United States v. Congress of Industrial Organizations
| United States v. Congress of Industrial Organizations | |
|---|---|
| Argued April 28–29, 1948 Decided June 21, 1948 | |
| Full case name | United States v. Congress of Industrial Organizations, et al. |
| Citations | 335 U.S. 106 (more) |
| Case history | |
| Prior | On appeal from the District Court of the United States for the District of Columbia |
| Holding | |
| The labor union's publication of statement urging members to vote for a certain candidate for Congress did not violate the Taft-Hartley Act. | |
| Court membership | |
| |
| Case opinions | |
| Majority | Reed, joined by Vinson, Frankfurter, Jackson, Burton |
| Concurrence | Frankfurter |
| Concurrence | Rutledge, joined by Black, Douglas, Murphy |
| Laws applied | |
| Federal Corrupt Practices Act, Taft-Hartley Act | |
English Wikisource has original text related to this article:
United States v.

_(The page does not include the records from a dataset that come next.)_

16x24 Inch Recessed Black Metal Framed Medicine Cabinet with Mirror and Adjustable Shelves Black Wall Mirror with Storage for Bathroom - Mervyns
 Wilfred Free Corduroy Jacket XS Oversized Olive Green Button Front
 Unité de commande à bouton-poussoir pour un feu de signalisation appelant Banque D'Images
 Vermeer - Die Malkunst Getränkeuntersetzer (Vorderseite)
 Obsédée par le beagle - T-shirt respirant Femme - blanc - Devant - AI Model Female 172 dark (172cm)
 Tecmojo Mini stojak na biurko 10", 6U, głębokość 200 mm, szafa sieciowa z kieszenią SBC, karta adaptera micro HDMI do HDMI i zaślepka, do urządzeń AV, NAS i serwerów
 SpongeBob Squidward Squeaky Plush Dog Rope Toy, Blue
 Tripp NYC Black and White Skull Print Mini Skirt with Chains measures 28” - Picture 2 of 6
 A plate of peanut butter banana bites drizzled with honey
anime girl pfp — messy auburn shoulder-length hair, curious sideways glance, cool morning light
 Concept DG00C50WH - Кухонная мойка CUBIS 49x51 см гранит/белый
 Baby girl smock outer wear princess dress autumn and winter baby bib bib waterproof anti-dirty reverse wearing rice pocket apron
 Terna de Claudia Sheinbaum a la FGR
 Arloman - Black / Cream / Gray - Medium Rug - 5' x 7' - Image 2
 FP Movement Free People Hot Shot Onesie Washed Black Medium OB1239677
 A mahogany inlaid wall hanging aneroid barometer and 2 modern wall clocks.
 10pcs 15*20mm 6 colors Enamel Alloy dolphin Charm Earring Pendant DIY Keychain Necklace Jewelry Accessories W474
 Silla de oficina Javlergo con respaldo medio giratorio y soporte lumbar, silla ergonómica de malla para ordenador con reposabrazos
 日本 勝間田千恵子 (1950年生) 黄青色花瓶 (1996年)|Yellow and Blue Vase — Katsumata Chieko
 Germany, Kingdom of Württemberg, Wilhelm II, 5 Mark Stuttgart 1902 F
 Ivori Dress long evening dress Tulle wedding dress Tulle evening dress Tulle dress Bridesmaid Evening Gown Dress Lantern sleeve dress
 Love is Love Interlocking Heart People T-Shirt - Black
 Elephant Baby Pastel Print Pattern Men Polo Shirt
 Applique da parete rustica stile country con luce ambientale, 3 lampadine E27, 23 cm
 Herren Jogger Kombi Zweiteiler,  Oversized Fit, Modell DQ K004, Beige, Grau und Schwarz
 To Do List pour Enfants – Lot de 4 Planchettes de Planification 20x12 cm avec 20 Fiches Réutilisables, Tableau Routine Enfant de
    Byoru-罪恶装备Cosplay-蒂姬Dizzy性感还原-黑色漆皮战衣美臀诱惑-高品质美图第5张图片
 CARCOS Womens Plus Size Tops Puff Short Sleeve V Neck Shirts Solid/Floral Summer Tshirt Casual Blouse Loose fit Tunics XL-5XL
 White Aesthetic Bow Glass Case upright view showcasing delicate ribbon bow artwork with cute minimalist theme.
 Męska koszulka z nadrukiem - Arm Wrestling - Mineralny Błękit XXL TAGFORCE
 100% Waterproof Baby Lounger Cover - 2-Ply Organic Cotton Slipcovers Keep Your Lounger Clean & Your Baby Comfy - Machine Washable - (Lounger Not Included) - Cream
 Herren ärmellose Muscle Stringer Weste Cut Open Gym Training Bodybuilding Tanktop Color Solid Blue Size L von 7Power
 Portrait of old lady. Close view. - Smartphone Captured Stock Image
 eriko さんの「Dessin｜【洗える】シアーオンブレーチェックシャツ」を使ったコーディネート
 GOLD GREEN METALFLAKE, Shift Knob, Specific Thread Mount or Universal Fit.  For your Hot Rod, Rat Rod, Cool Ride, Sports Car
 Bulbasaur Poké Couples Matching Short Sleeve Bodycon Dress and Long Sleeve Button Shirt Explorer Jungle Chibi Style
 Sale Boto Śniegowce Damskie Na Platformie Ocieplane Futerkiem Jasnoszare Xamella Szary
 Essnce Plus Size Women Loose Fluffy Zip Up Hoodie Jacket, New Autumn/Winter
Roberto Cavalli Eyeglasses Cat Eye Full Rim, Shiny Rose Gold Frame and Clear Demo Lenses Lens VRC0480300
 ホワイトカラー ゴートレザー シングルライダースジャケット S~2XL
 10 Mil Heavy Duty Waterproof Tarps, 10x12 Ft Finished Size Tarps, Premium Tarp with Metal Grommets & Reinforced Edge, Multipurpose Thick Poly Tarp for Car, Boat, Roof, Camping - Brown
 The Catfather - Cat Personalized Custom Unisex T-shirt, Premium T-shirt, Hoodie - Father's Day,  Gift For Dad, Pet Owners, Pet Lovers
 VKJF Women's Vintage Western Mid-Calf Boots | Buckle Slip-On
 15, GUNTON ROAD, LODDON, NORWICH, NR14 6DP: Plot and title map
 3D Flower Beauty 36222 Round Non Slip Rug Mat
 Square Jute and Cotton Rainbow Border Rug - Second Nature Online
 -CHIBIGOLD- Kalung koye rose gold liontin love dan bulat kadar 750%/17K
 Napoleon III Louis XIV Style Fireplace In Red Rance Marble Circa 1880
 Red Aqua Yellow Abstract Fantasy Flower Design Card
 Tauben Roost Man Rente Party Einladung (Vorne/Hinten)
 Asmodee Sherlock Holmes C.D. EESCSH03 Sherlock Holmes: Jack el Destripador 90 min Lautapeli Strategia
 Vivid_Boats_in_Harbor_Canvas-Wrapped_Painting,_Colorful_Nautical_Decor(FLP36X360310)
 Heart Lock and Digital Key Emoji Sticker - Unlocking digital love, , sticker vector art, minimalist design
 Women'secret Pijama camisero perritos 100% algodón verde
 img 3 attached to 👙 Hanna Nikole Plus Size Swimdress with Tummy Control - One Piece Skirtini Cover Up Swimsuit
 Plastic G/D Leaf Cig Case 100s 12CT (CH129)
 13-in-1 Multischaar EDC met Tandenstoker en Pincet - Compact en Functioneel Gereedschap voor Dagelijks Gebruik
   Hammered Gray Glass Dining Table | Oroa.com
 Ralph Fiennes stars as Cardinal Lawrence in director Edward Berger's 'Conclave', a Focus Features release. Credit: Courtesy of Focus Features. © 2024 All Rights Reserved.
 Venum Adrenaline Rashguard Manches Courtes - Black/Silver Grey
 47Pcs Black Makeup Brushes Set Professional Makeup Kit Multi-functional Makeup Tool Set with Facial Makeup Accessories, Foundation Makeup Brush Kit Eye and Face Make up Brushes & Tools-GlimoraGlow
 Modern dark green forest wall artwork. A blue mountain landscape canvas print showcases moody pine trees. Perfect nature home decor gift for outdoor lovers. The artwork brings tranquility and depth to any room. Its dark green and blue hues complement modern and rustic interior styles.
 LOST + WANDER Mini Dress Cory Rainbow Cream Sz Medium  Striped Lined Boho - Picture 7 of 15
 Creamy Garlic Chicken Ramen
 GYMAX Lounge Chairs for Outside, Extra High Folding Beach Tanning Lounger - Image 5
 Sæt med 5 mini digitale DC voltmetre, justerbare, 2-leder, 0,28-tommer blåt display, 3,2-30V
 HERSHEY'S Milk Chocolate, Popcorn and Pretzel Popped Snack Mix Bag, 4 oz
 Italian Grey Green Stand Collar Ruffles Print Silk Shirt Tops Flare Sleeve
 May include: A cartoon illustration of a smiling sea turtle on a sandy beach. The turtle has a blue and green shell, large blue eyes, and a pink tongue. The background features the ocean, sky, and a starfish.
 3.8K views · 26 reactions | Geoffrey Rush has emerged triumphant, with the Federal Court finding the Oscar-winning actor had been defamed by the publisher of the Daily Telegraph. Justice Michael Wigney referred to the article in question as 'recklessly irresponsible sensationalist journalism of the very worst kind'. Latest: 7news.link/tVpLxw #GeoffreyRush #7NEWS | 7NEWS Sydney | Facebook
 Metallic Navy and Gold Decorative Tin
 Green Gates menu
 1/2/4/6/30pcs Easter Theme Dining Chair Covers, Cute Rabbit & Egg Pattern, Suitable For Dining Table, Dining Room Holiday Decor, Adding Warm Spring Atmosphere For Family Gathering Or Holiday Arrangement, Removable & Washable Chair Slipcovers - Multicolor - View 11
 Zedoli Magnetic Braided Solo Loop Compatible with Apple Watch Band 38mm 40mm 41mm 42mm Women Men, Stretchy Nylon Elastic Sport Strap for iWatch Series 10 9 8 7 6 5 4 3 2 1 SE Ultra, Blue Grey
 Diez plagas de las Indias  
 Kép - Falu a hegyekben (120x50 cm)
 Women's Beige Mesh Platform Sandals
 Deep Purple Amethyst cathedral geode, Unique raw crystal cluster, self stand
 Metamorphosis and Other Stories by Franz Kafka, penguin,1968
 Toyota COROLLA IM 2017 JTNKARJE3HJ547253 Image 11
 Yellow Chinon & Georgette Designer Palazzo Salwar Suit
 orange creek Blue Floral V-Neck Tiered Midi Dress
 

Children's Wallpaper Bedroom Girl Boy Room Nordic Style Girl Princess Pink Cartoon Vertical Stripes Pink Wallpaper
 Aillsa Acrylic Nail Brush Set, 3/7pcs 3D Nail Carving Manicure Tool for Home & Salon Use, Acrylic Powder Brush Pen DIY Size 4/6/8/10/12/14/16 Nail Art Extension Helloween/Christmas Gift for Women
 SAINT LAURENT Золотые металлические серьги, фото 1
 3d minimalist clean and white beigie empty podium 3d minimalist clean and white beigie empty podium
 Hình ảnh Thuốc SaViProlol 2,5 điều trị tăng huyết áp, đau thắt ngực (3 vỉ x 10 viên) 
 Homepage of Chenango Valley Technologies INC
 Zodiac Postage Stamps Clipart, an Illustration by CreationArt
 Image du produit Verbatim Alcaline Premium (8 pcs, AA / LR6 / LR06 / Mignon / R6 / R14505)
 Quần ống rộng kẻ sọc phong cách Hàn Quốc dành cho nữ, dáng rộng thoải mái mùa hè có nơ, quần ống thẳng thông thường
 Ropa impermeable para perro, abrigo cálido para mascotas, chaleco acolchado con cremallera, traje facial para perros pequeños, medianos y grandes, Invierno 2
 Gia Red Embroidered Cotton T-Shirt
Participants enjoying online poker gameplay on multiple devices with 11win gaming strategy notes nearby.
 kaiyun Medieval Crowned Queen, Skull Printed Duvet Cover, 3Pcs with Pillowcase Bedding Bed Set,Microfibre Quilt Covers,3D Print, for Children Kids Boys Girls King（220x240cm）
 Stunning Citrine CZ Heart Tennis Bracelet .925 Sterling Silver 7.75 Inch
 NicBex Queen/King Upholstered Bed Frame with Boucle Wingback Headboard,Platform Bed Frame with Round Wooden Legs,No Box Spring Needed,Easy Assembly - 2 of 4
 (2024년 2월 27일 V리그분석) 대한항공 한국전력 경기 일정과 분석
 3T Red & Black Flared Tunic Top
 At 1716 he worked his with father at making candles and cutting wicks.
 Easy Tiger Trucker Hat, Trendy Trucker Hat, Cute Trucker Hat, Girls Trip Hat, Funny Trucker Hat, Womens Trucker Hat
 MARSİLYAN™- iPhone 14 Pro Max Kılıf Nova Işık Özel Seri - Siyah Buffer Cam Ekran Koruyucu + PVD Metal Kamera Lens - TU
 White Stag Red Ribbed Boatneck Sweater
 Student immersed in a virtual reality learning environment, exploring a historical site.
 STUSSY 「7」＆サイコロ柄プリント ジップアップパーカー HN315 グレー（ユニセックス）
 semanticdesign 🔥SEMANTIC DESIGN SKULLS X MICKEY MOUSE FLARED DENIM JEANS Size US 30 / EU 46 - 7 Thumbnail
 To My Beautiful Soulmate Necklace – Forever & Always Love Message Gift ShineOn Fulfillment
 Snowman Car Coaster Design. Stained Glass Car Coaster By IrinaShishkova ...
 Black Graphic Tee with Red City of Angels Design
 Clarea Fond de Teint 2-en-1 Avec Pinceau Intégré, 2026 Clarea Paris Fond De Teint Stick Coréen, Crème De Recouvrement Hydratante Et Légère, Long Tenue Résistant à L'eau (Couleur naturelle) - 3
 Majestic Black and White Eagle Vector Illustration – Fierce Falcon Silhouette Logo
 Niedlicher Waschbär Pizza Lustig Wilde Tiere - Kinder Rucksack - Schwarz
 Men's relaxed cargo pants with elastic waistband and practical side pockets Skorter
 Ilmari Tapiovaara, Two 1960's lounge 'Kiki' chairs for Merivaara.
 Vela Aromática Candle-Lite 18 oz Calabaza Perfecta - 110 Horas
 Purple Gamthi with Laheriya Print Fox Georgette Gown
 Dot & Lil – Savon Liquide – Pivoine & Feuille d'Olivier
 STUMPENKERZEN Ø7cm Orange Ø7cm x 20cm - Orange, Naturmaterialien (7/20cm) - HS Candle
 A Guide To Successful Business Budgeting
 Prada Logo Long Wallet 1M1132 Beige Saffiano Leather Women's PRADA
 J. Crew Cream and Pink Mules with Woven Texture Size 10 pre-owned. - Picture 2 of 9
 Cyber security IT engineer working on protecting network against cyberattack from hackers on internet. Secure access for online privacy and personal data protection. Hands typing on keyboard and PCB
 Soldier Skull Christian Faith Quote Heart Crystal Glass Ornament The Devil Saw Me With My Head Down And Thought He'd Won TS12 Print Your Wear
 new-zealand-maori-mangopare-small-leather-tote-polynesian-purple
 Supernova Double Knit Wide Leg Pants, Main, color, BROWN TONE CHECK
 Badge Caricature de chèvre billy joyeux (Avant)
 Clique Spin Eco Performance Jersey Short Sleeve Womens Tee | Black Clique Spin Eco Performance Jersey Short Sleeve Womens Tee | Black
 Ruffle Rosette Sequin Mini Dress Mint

Congress of Industrial Organizations, 335 U.S. 106 (1948), is a US labor law decision by the United States Supreme Court, which held that a labor union's publication of a statement that advocated for its members to vote for a certain candidate for Congress did not violate the Federal Corrupt Practices Act, as amended by the 1947 Labor Management Relations Act.